This week, the U.S. Department of Housing and Urban Development under Secretary Ben Carson abdicated its role as the country’s enforcer of fair housing. In its new proposed rule, the agency is redefining a key provision of the 1968 Fair Housing Act and loosening requirements on local jurisdictions receiving federal grants. This would allow more than 1,200 localities charged with addressing patterns of racial segregation to further entrench the legacy of government-sponsored discrimination.
Texas Housers opposes HUD’s proposed rule and demands that the agency stop its attack on civil rights and fair housing for which generations of civil rights leaders, grassroots groups, and advocates have fought.
The Fair Housing Act 1968 was signed into law to undo the devastating effects of government-sponsored Jim Crow segregation by outlawing racial discrimination in the sale and leasing of homes and unequal provision of public services. The law required HUD and all jurisdictions taking HUD grants to “affirmatively further fair housing.” That provision went undefined until under the Clinton administration, when HUD began requiring a fair housing analysis from every grantee. In 2015 the Obama administration bolstered the provision with the Affirmatively Furthering Fair Housing (AFFH) rule. AFFH requires jurisdictions that benefit from HUD grants to take meaningful actions toward addressing discrimination and residential segregation to promote inclusive, integrated communities. The rule sets forth guidelines and provides a tool for local and state officials to analyze patterns of housing segregation and establish actions to overcome them.

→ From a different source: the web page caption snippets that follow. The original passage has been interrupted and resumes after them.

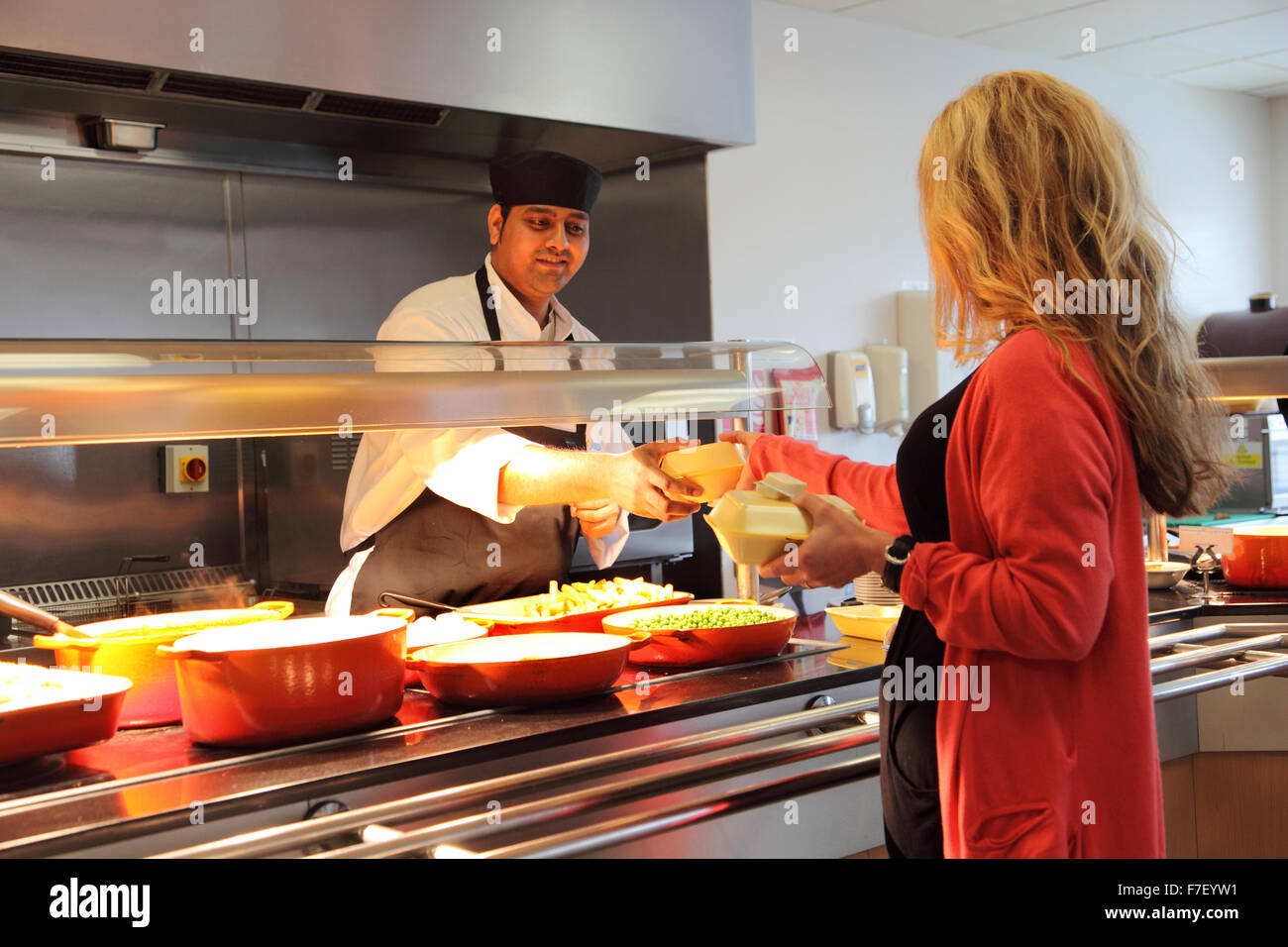 A member of canteen staff hand a customer food in take-away containers in a modern office canteen Stock Photo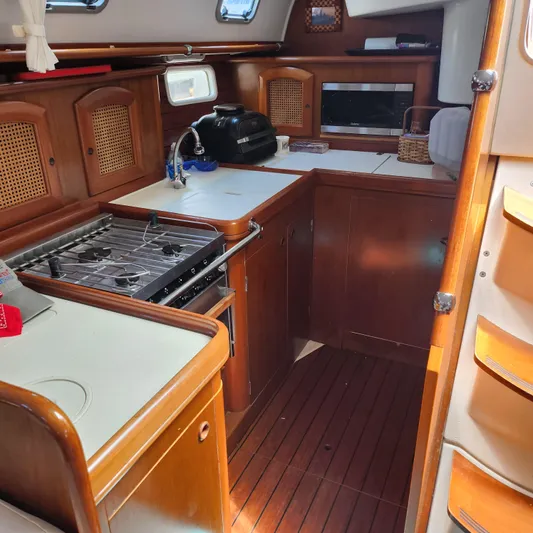 Scot-free Yacht Photos Pics Interior of 1999 Beneteau Oceanis 461 yacht kitchen with wood cabinetry and appliances.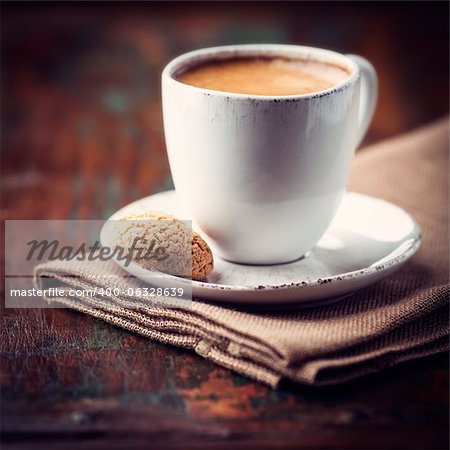 cup of espresso crema and biscotti ( focus on biscotti)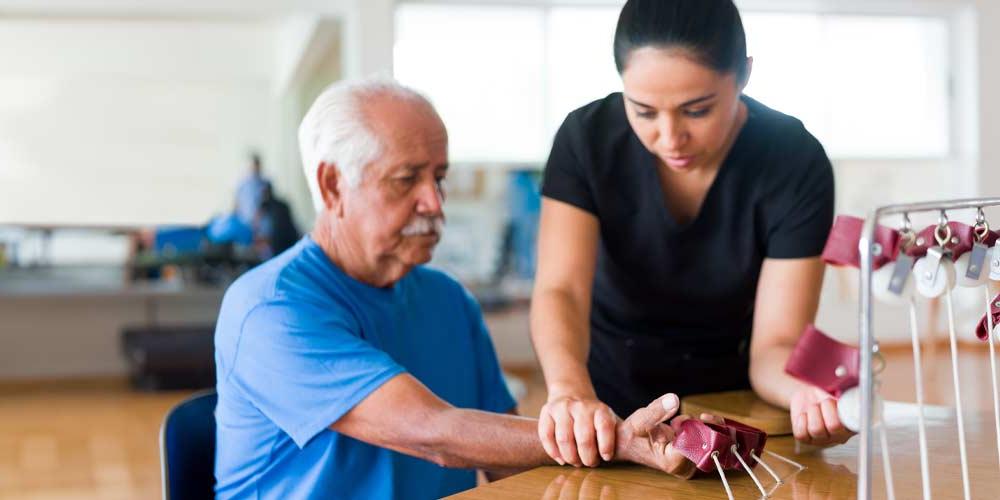 Pre-Occupational Therapy Health Sciences concentration student working with a patient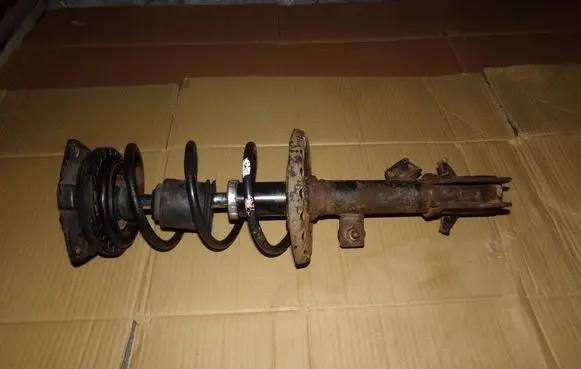 Nissan Micra Front shock absorber with coil spring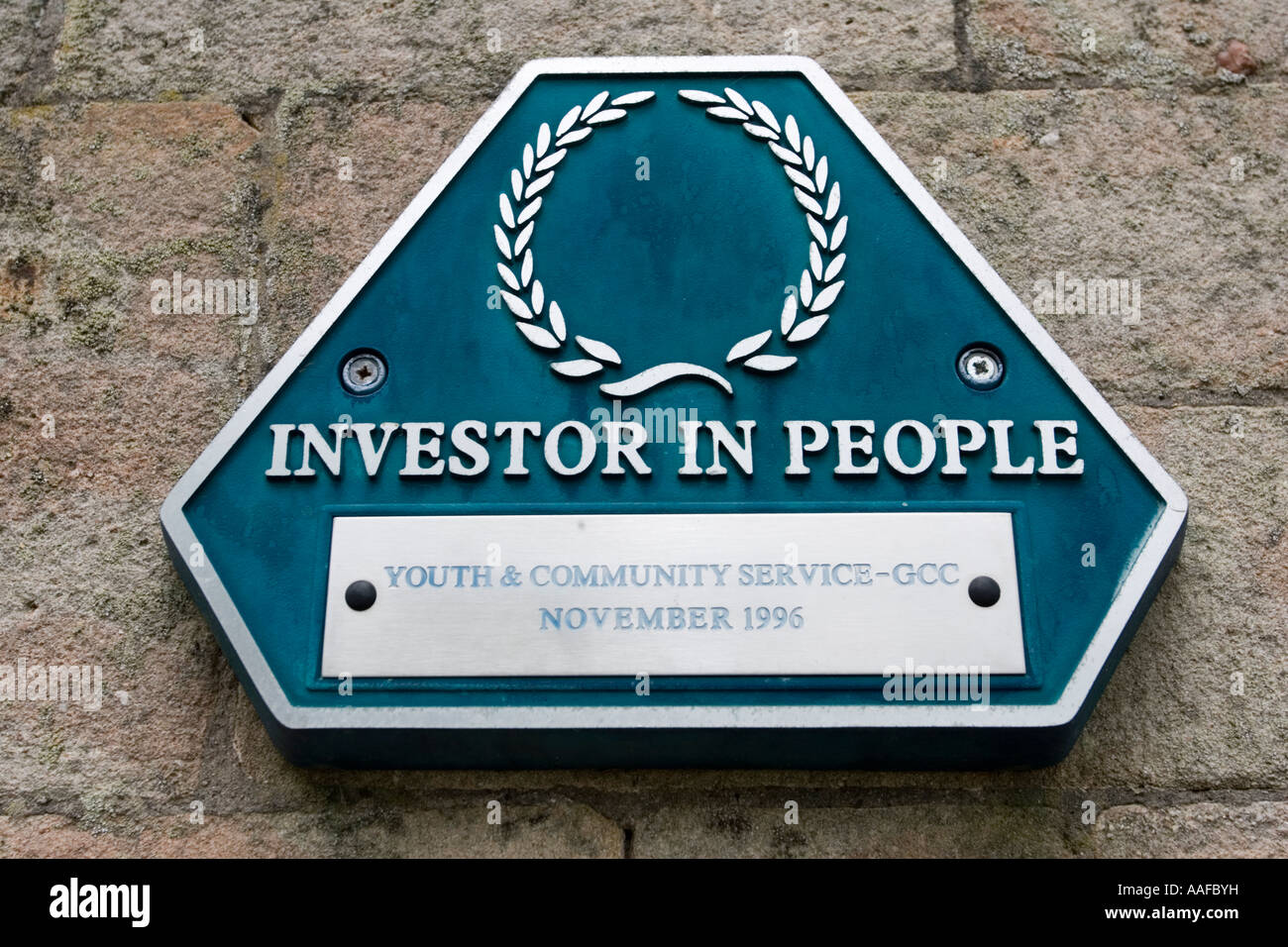 Investor in People plaque sign on wall of Wilderness Education Centre Gloucestershire UK Stock Photo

Secretary Ben Carson suspended the rule before full implementation and now the agency proposes erasing racial segregation and inequality from the definition of fair housing, and will no longer require such analysis from grantees. Rather than focusing on undoing the legacy of government’s role in creating and perpetuating racial segregation, HUD is using the rule to promote boosting the supply of affordable housing through deregulation, such as loosening labor requirements and environmental protections.
In essence, HUD’s theory of change is that if communities can produce more units of affordable housing, fair housing will be accomplished.
From years of experience in communities across Texas, we know this is not a sound theory. In Houston, for example, developers have created hundreds of affordable units supported by tax credits. However every single one of these units is located in communities of color, often in areas of concentrated poverty. Boosting the supply of affordable housing does not atone for continued segregation. It also does not make amends for the disparities in economic opportunity and health that have been caused by racial segregation.
HUD states in its rationale for the rule change that addressing segregation and discrimination in cities is too big of a burden for cities to bear. There is no doubt that addressing years of systemic racism requires time, effort, and community cooperation, but this burden is small compared to that borne by communities of color. For years, our federal and local governments have excluded people of color from neighborhoods and walled them off from access to opportunity. And now, the federal government refuses to do the bare minimum to help communities reckon with the enduring legacy of Jim Crow. We can’t allow HUD to break our nation’s promise of equality for all.
In 1968, President Lyndon B. Johnson said after he signed the Fair Housing Act into law, that the bill had a long and stormy trip, but at last he was signing into law the promises of a century. That journey — and those promises — are at risk of being abandoned. However, Texas Housers and the communities we work with will continue to defend civil rights and the steps of progress made toward more just communities.